Required action: Without the pictures, set down everything in the listing exactly.

Source material:
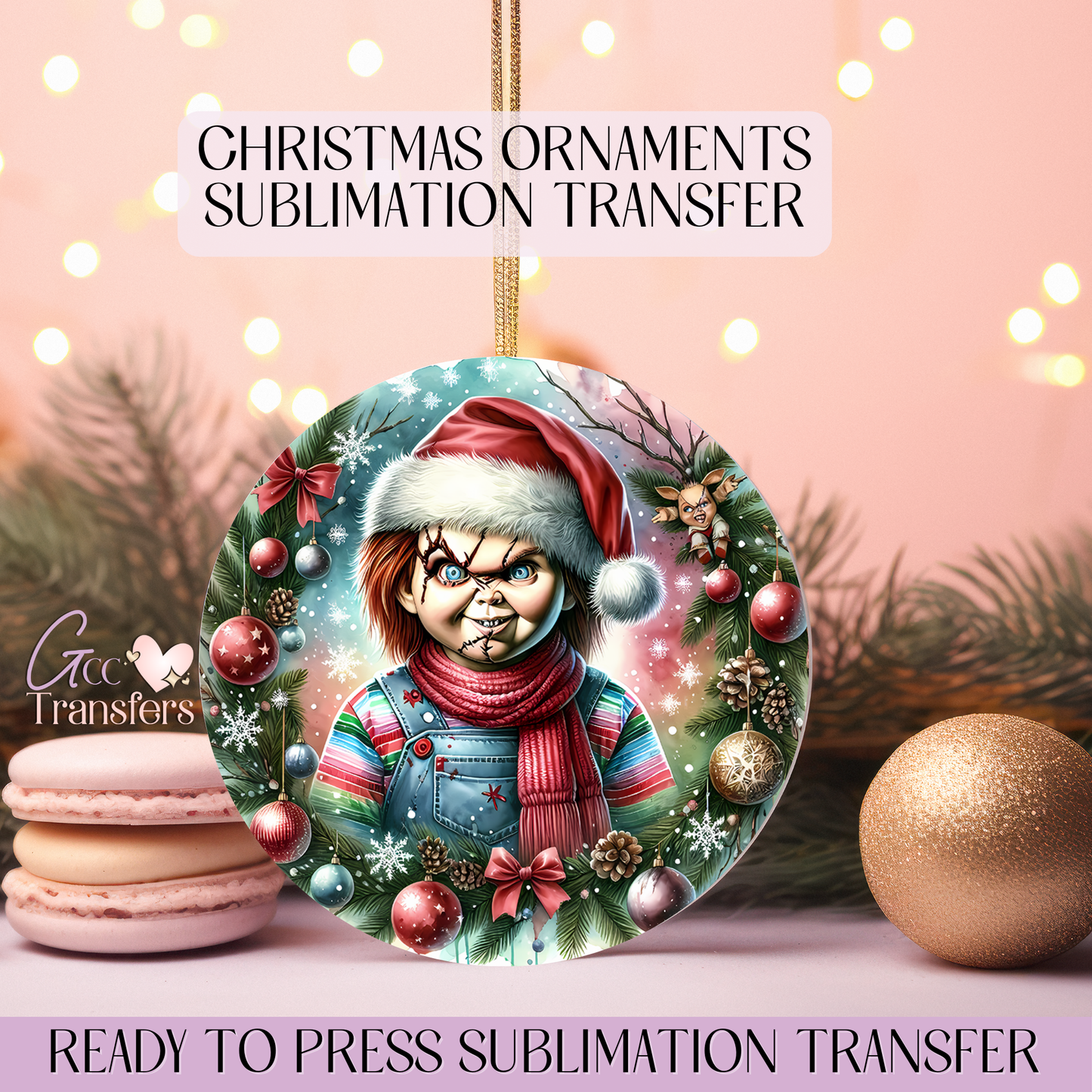 Chucky Wreath Horror Christmas- 3" Ornament Sublimation Transfer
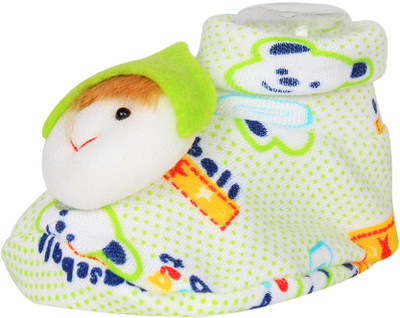

Ole Baby Cute Faces Plush Soft Organic Cotton 3d Ole Toons Booties 0-9 Months Booties(Toe to Heel Length - 10 cm Yellow)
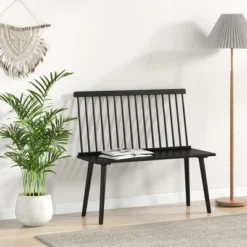 Costway Entryway Bench For 2 Windsor Rubber Wood Dining Bench With Spindle Back Black/Natural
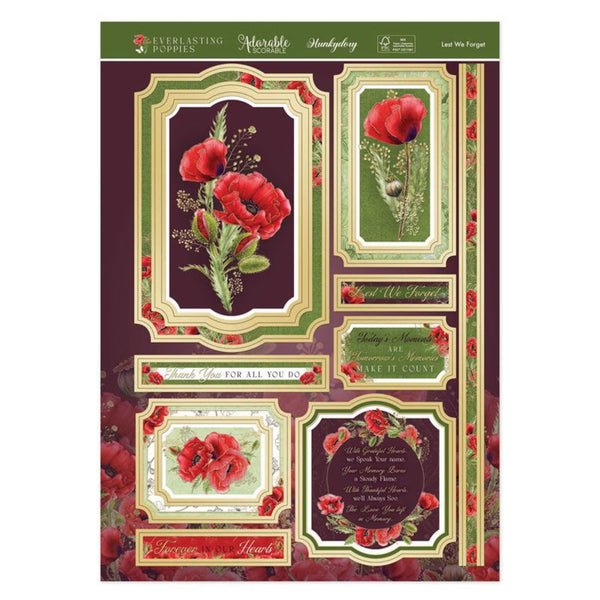 Hunkydory Everlasting Poppies Luxury Topper Set - Lest We Forget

Solution for this exercise:
 Chucky Wreath Horror Christmas- 3" Ornament Sublimation Transfer

Ole Baby Cute Faces Plush Soft Organic Cotton 3d Ole Toons Booties 0-9 Months Booties(Toe to Heel Length - 10 cm Yellow)
 Costway Entryway Bench For 2 Windsor Rubber Wood Dining Bench With Spindle Back Black/Natural
 Hunkydory Everlasting Poppies Luxury Topper Set - Lest We Forget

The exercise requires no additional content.